# Looking for "crooked" playhouse plans.



## bcraun (Aug 17, 2011)

My 4 year old is getting too big for the Costco playhouse that is currently in our yard. She loves the darn thing, but it's tome for her to move into a bigger place.

I've been looking for plans to build a Dr. Seuss style playhouse. I've found places that sell the 'crooked' playhouses, but no luck finding any plans.

Vnyone have any ideas?

Thanks


----------



## GearWorksguy (Aug 30, 2011)

www.kidscrookedhouse.com I looked at the site and they have a lot of ideas. You might contact them to see if they would sell you plans you could use. 

I would say that you could also take some standard plans and modify them some. It looks like a lot of work for a house that your daughter will outgrow.....

Editorial here.... My kids are in their late teens and 20's... As they aged they stopped wanting cutesy things that they would have to explain to their friends. So a thought to consider (as the parent) is to design the playhouse in a way that will not need to be explained to others.
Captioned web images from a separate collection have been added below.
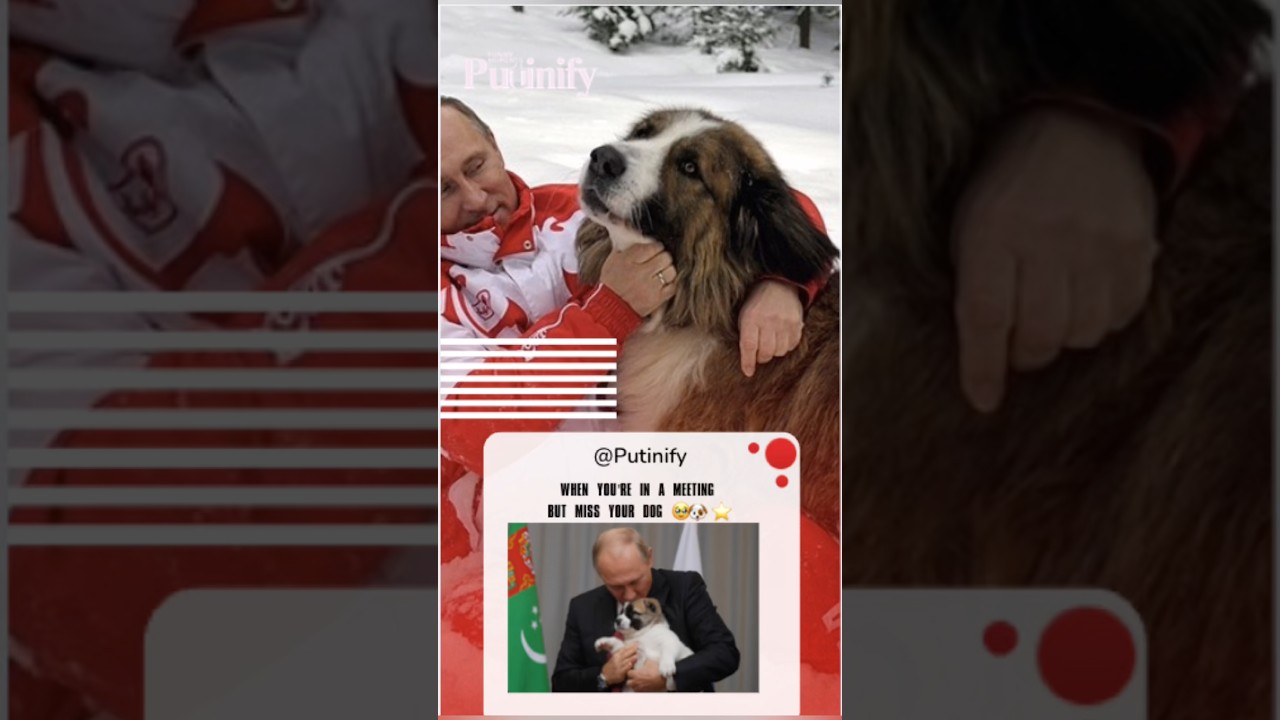 When You're in a Meeting but Miss Your Dog 🥹🐶⭐ #Putin #Dogs #worldnews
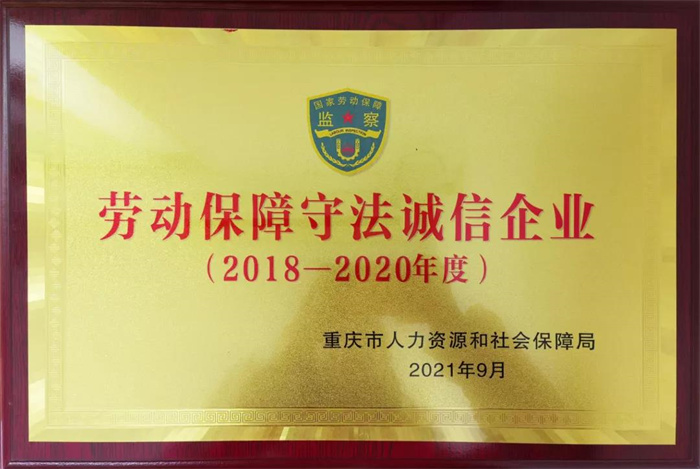 请回答2021  巴渝子弟集团公司年终回顾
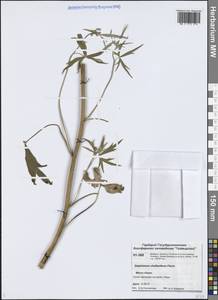 Живокость губоцветковая Fisch. ex DC., Сибирь, Центральная Сибирь (S3) (Россия)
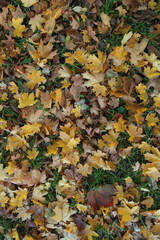 Autumn leaves texture background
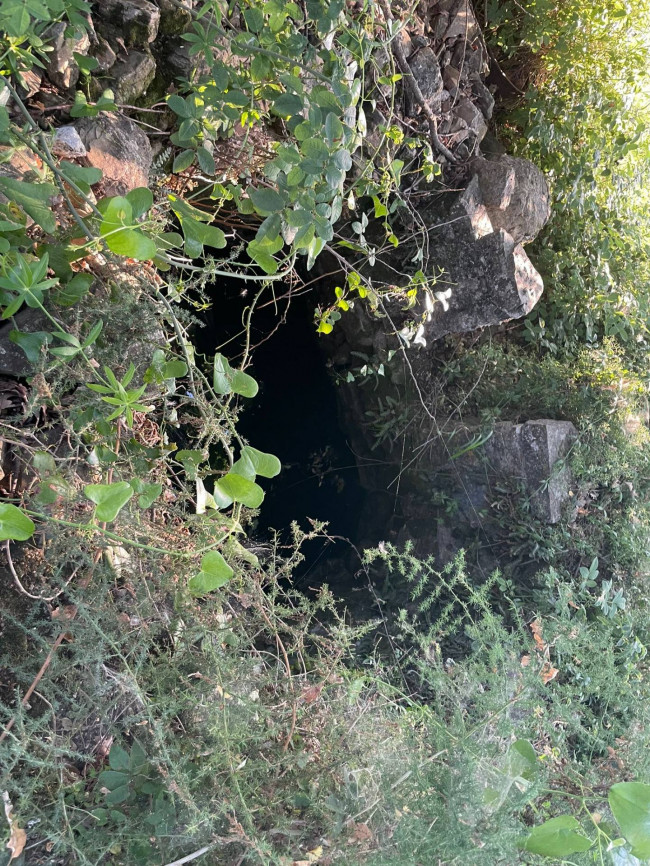 Terreno agricolo in vendita a Serre (SA)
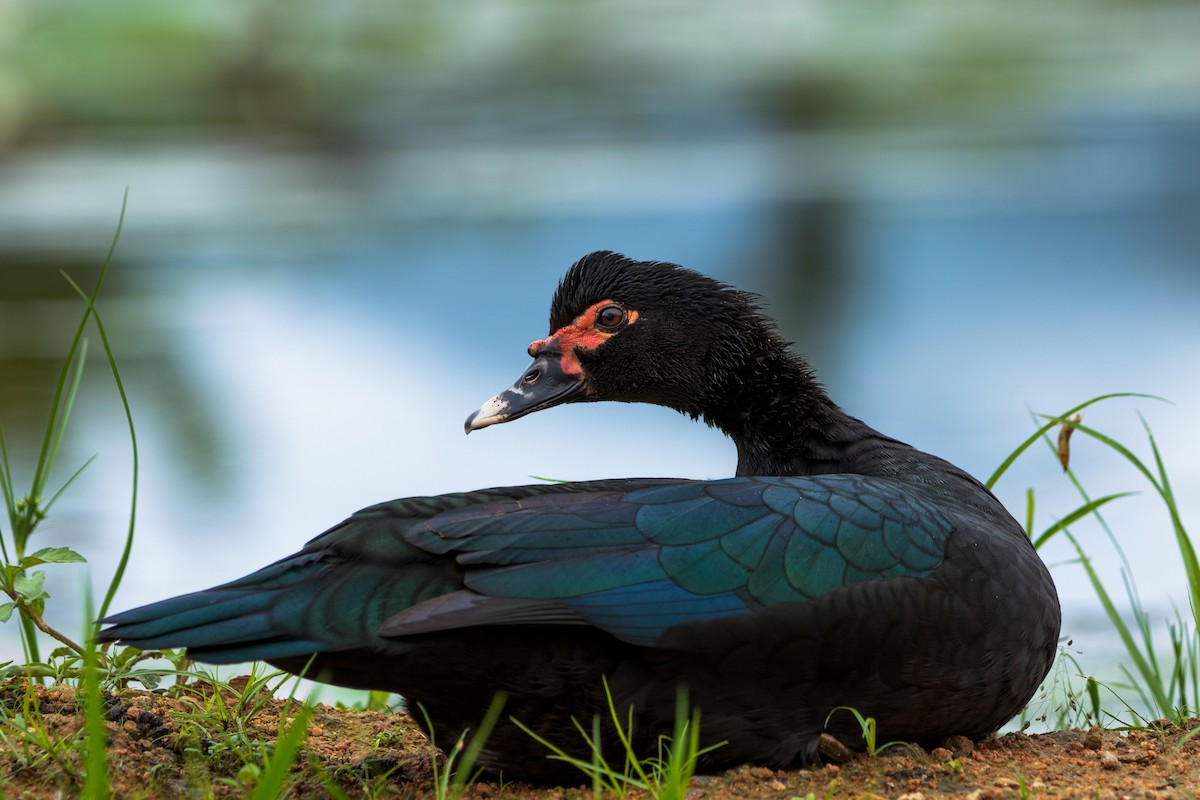 Muscovy Duck - ML619399627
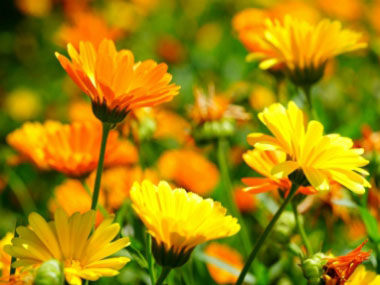 calendula flowers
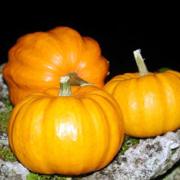 Size matters - certainly where pumpkins are concerned
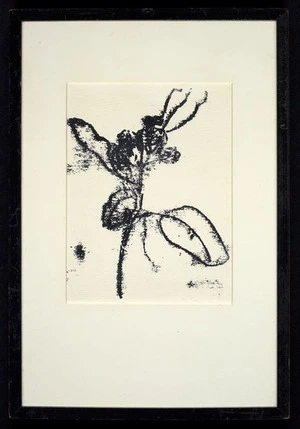 Paul, Janet Elaine, 1919-2004 :[Flower. 1978].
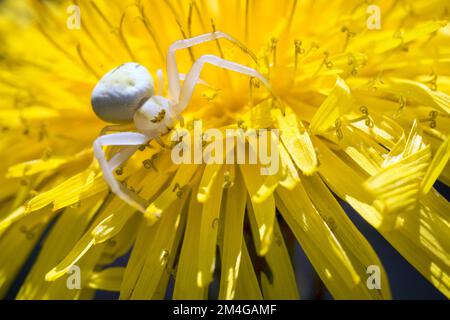 Araignée de crabes de goldenrod (Misumena vatia), femelle qui se cache pour une proie sur une fleur, Allemagne Banque D'Images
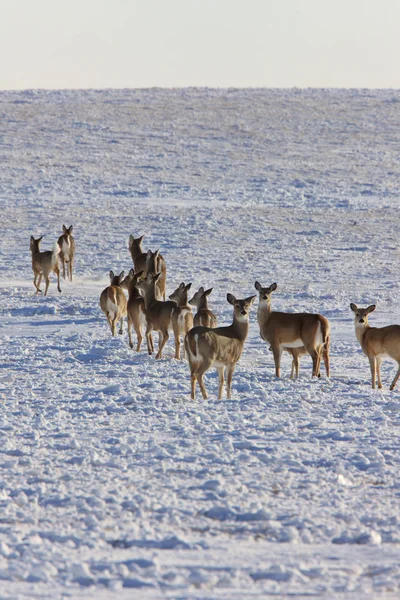 Whitetail Deer Winter — Stock Photo, Image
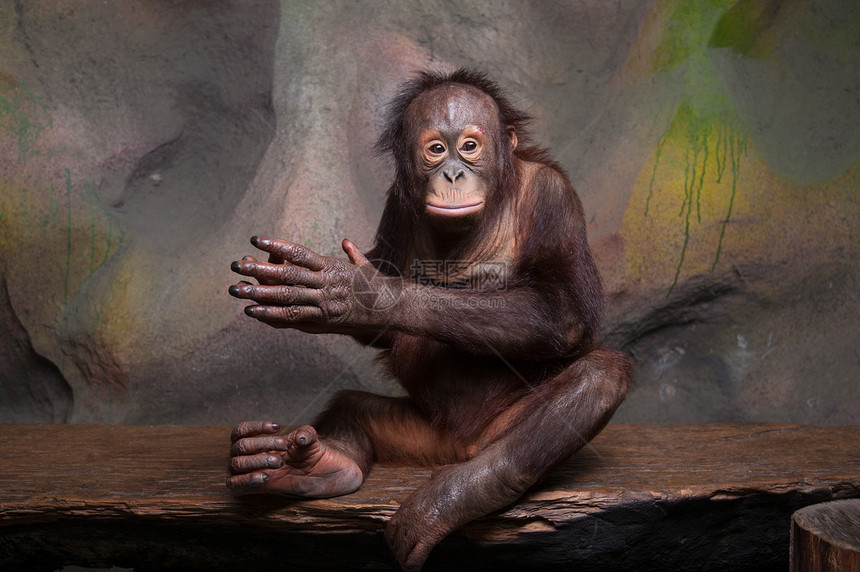 奥兰古坦肖像动物物种鬼脸动物园灵长类猩猩人脸哺乳动物力量毛皮图片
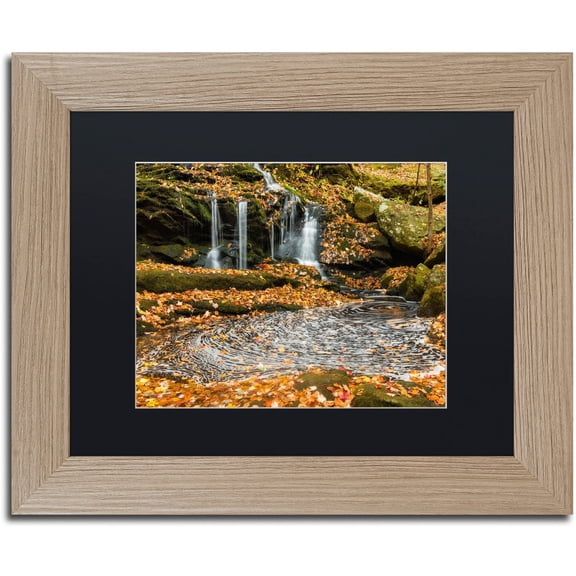 Trademark Fine Art "Circle Of Leaves" Canvas Art by Michael Blanchette Photography Black Matte, Birch Frame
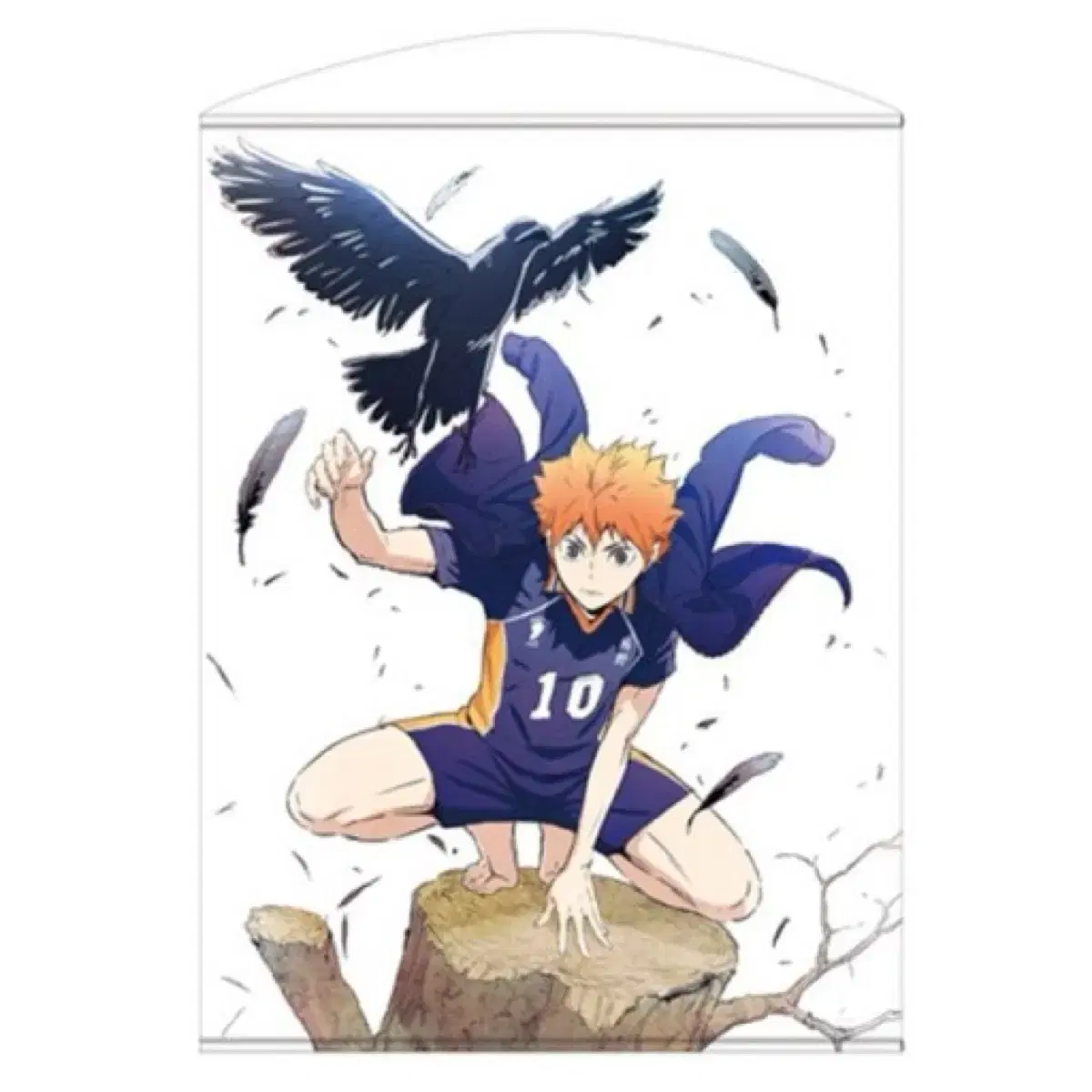 Haikyuu hinata Shoyo Barefoot Tapestry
As the kids get older they want more and more to conform; this is not a bad thing since it is how kids get along in life...

I should also say that you might want to consider resale value of your "house" and have a more traditional playhouse that you could either sell when the time is right or leave for the next owners of your house... Just a thought...... 

End of editorial....

I hope this helps.........


----------



## CabinJack (Jan 2, 2012)

*Crooked Playhouse*

I too looked high and low for crooked playhouse plans - and ended up developing my own. I built a playhouse for an under-privileged 11-year old neighbor girl. One stipulation was that when she outgrew it, it could function as a tool shed; so the back wall of the house is plumb - and has a 6' tall 25" wide door for adults and lawnmowers, etc.

Here are a couple pics. I don't have formal plans, but if you're interested, let me know and I'll put together some plans for you.

CabinJack


----------



## MMCCULLERS (Dec 12, 2012)

*Wanted to Build Multi-Funtional Crooked Playhouse*

I am looking to build my daughter the same type of crooked playhouse you described that could function as a tool shed when she outgrows it. I think this is brilliant and could use help with some plans if you have something you could share. Any help with this Christmas project will be greatly appreciated by all.

Thanks

Mike


----------